Special economic zones (SEZs) with variations known as free ports, free cities, etc have been created in more than 130 countries over the last half century, and to date some 3,000 plus have been formed. Special economic zones typically have no or low tariffs, low tax rates and light regulations. They range in size from entire cities, like Hong Kong, to single buildings. There have been many successes but even more failures. Lotta Moberg is a very smart international economist, who has studied the pros and cons of SEZs in detail. She presents a very balanced analysis of what works and what does not – and what lessons are to be learned.
In the early 1990s, I chaired an economic transition team in Bulgaria as it attempted to transform itself from a communist to a free market, democratic country. Suggestions were made at the time for the creation of a special economic zone to serve as a model of how a free market economy should work, in the same way that Hong Kong served as a model for China and their many subsequent SEZs. Most Bulgarians at the time were enthusiastic about the creation of a special economic zone, but they could not agree among themselves of where it should be located, with several different regions vying for it. The result was they checkmated each other and nothing was done at the time.
What struck me is the widespread recognition that free trade, free markets, private property protections along with low taxes and regulations were good, hence the support for the concept of a SEZ but not for the whole country as I once suggested out of frustration. Bulgaria now has several limited special economic zones.
In her book, Moberg gives a brief history of SEZs going back to ancient Greece, but then concentrates on modern era SEZs which really started with the rise of export processing zones. These zones were most often fenced off areas, engaged in light manufacturing, and without residential components. Most were focused on developing export industries. Some zones have evolved into major free ports, such as one in Dubai, which is the ninth largest port in the world. Other zones are as small as single factory zones. Some zones are clear additions to local economies, creating more jobs at higher wages; other zones do not justify their costs, particularly when governments have built the infrastructure and the most productive workers are drawn from the rest of the economy into the zone.
Like all forms of economic organization and structure, SEZs have both costs and benefits. Being a former academic, Moberg is comfortable in the language of cost-benefit analysis even though not all her readers may be. She is careful to cite evidence and provide data to support her arguments. The bottom line is she clearly demonstrates properly designed and managed SEZs can have great benefits, or impose disproportionate costs on an economy. There is also no simple answer about which activities are appropriate for a SEZ or how big it should be. Every case is individual, which helps explain the great disparities in outcomes.
Those who create SEZs need to determine where they should be created, but are plagued by not knowing beforehand which activities are going to be the most viable for the zone, and what are the proper incentives that need to be created for the zone to fulfill its potential. The inherent intellectual conflict is with the idea that central planners know best of how to create a free market center.

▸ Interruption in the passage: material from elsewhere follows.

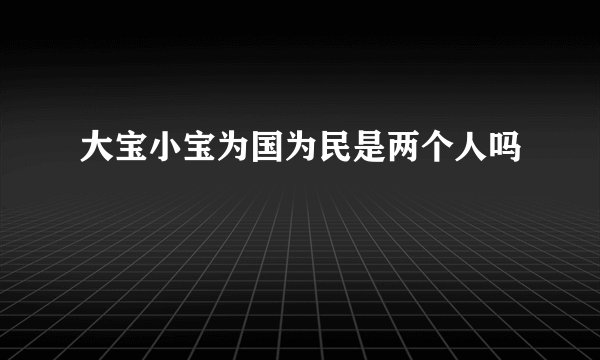 大宝小宝为国为民是两个人吗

Moberg is at times a bit cynical about the motivations for creating SEZs which she notes: “when the status quo of protectionism is under threat.” She concludes they are better than the status quo if the alternative is no reform. The book is well balanced between giving concrete and interesting case studies; India, China, the Dominican Republic, Dubai, Saudi Arabia, etc. and relevant economic theories behind the zones.
Again, her conclusions are mixed as to whether the SEZs served as examples of reform for the entire country, as has been largely done in China, or just served as opportunity for the well connected to avoid taxes and regulations in order to increase their own wealth at the expense of the country. Even though a number of SEZs have spurred more general economic reform, there is not much evidence that they have done much to foster general political change. SEZs may help reform in the Arab countries by allowing the use of the British created common law which governs almost all the world’s financial centers, and allowing the full utilization of the skills of women. There are several experiments going on in the world with various types of SEZs at the moment, including the free cities project in Honduras, where I serve on the best practices board. In sum, Moberg is modestly optimistic about the future of SEZs, but coldly realistic about the past and potential failures.
For those who wish to obtain an overall understanding of the potential and pitfalls of SEZs, as well as understanding of the multiple types and past successes and failures, this relatively thin volume provides the best overall description and analysis produced to date.